EXERCISE REQUIREMENTS -
Take nothing but the lines from the one with "Function name: sum." through the one with "Once you see" in the entries below, both ends kept, and return them exactly with pictures left out.

EXCERPTED RECORDS -
=-=-=

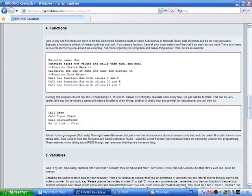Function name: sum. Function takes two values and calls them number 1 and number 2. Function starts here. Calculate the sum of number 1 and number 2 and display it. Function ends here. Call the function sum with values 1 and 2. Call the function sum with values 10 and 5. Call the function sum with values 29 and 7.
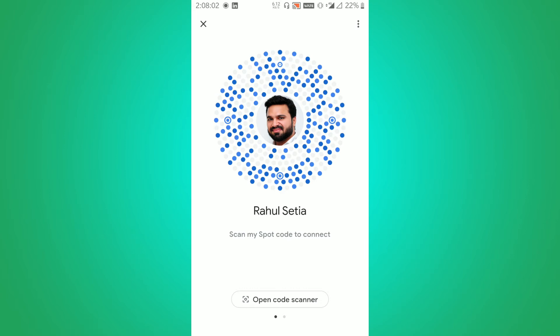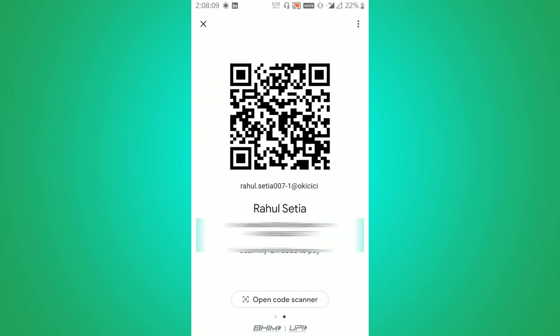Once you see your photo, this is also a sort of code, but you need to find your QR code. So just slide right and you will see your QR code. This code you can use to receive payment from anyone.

=-=-=

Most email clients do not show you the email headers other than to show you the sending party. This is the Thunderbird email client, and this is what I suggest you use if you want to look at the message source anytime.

=-=-=

YOUR SOLUTION -
Function name: sum. Function takes two values and calls them number 1 and number 2. Function starts here. Calculate the sum of number 1 and number 2 and display it. Function ends here. Call the function sum with values 1 and 2. Call the function sum with values 10 and 5. Call the function sum with values 29 and 7.
Once you see your photo, this is also a sort of code, but you need to find your QR code. So just slide right and you will see your QR code. This code you can use to receive payment from anyone.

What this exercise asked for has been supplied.